Q: What can Briles/Clements do schematically to help the OL that the previous coordinator didn’t do?
A: I’m not sure this answer can start with “didn’t do” but maybe “couldn’t do effectively.” Briles will do a better job of getting the pace of this offense to where it needs to be. The offense will utilize RPOs, motion, and lateral action that will hold linebackers and other box players from jumping the run game. The key to doing those things? Clements will emphasize double teams at the point of attack to get movement and eliminate penetration, which will allow the running backs to get going.
In the passing attack, Briles is going to get the ball out, move the pocket, and max protect with backs and tight ends. We did not see a lot of max protection or movement last season, for some reason.
Q: How realistic is the improvement of Jauan Williams?

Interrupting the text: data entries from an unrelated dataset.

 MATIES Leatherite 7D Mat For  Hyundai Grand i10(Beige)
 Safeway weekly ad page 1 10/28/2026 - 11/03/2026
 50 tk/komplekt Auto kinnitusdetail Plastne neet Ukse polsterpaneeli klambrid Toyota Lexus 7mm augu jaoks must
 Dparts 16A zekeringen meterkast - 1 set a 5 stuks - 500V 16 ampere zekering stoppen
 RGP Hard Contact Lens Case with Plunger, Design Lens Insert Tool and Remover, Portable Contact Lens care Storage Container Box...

A: This is a question that every Seminole fan wants answered. Williams was interviewed recently and said he has gone from 275 pounds to 315 pounds. He spoke about a shoulder injury he battled during the ’18 season that kept his bench press below 225 pounds. Williams claims now that he can bench more than 400 pounds, which is a drastic difference. This is the key to the offense for me and something we will watch very closely. Through fall camp, Williams has taken every snap at left tackle with the starting offensive line, and I believe that is key for his confidence. On the surface, Williams seems more prepared physically, experience should help him be more prepared mentally, and now he just has to go out and do it. There really is nowhere else for him to go but up. I expect Williams to be a mid-level LT in the conference, which would be a massive improvement over last season.
Q: Is the OL group in better position to weather bad injury luck this season? Or could it get just as bad?
A: By all accounts through fall camp, Taggart has talked about the competitive depth on the offensive line. Is the group in better position? I would say no, because the depth is going to be freshmen or players without any experience. Will it be just as bad? This answer may be a surprise, but I think they are in a better position. There are bodies available— which is a start. The depth consists of players who will be at their natural positions and have flashed as talented in camp. Ultimately, if you are down to playing your backups, you are in bad shape, but at least it would be a group of talented freshmen getting reps.
*Note, I expect the FSU offensive line to play a large number of players, as the Seminoles look to go as fast as they can, which means you will see some of these backups on purpose at times.